Kłopoty Johna Travolty. Wszystko przez jego buty
Włoska telewizja publiczna RAI wytoczyła proces Johnowi Travolcie w związku z jego udziałem w tegorocznym festiwalu piosenki włoskiej w San Remo. Chodzi o niedozwoloną reklamę sportowych butów.
2024-05-09, 16:45
Występ Travolty na tym słynnym festiwalu nie mógł się obyć bez kultowego tańca z przebojowego filmu Quentina Tarantino "Pulp Fiction". Gwiazdor na estradzie tańczył twista z prowadzącym imprezę prezenterem Amadeusem.
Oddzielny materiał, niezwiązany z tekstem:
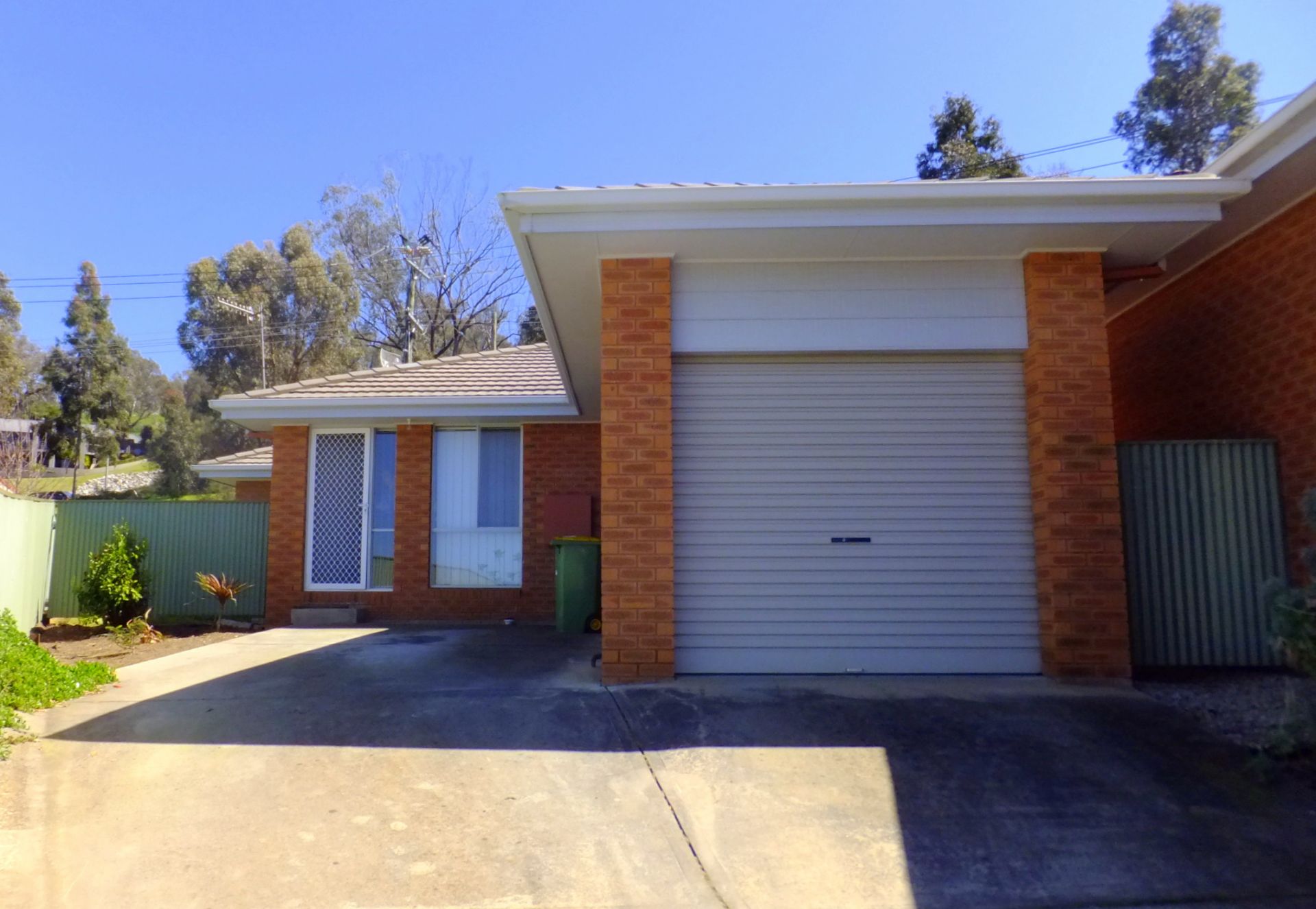 2/13 Michelle Avenue, Lavington Kane Real Estate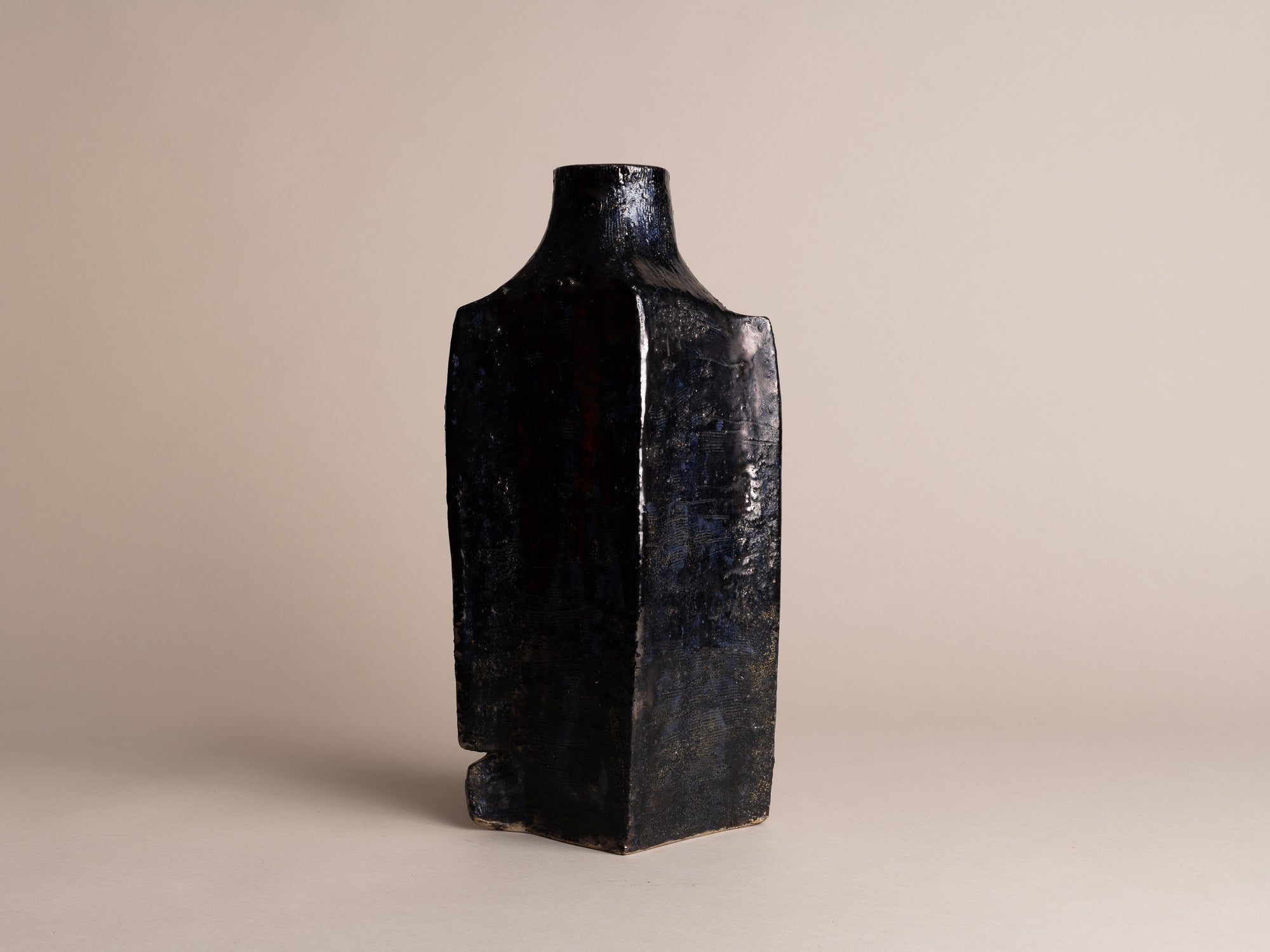 Rare vase de forme libre de Raymond Louis Quillivic, France (vers 1970) - Collection Serullaz..Huge freeform vase by Raymond Louis Quillivic, France (circa 1970) - Collection Serullaz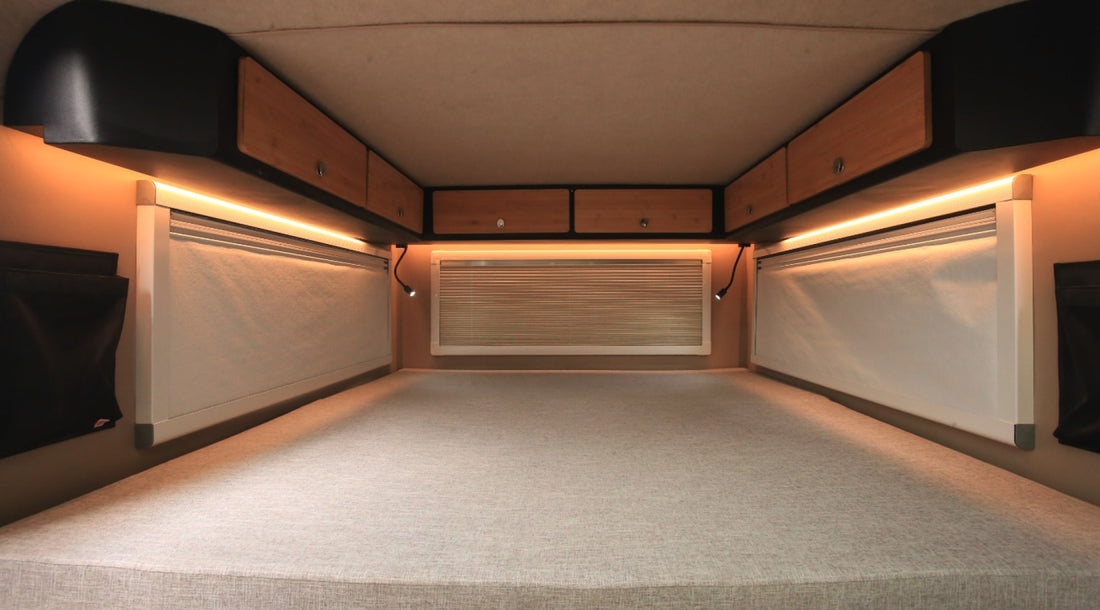 Premium Camper Trailer Caravan 1-3 Person Travel Trailer with Lavatory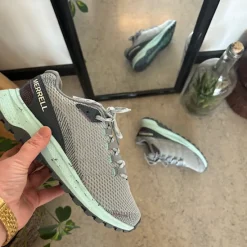 Merrell Sko På Tilbud*sko med strikket overdel og svangstøtte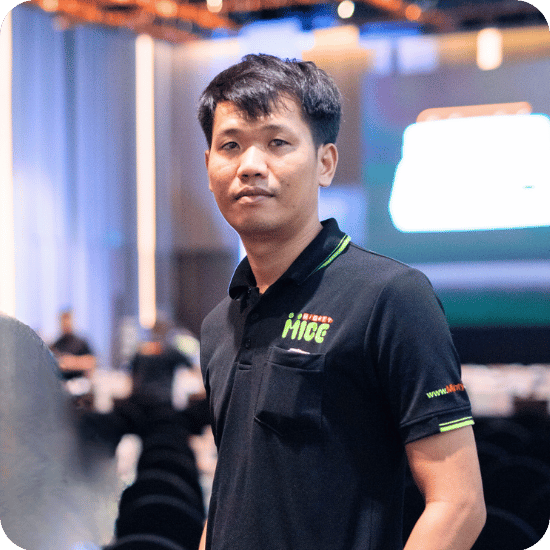 จารุพัสตร์ ยิ้มสละ (เจมส์)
Naturalnie uwaga kamer zwrócona była na nogi tańczących. Travolta występował w śnieżnobiałych sportowych butach z czarnym logo. Jak wieść niesie, miał za tę reklamę otrzymać od włoskiego producenta milion dolarów.
John Travolta ma kłopoty. Zarzut kryptoreklamy
Festiwal w San Remo śledzi zawsze kilkanaście milionów telewidzów. Natychmiast pojawiły się zarzuty, że organizator imprezy, telewizja publiczna RAI, zezwoliła na kryptoreklamę. Dyrekcja RAI broniła się, że firma produkująca sportowe buty nie jest szeroko znana, więc nikt nie zorientował się, że czarne paski to logo.
W efekcie RAI wytoczyła Travolcie proces, oskarżając go o złamanie kontraktu, niedozwoloną reklamę oraz szkody wizerunkowe, i zawiesiła wypłatę honorarium. Za taneczne występy na festiwalu miał otrzymać 200 tysięcy euro.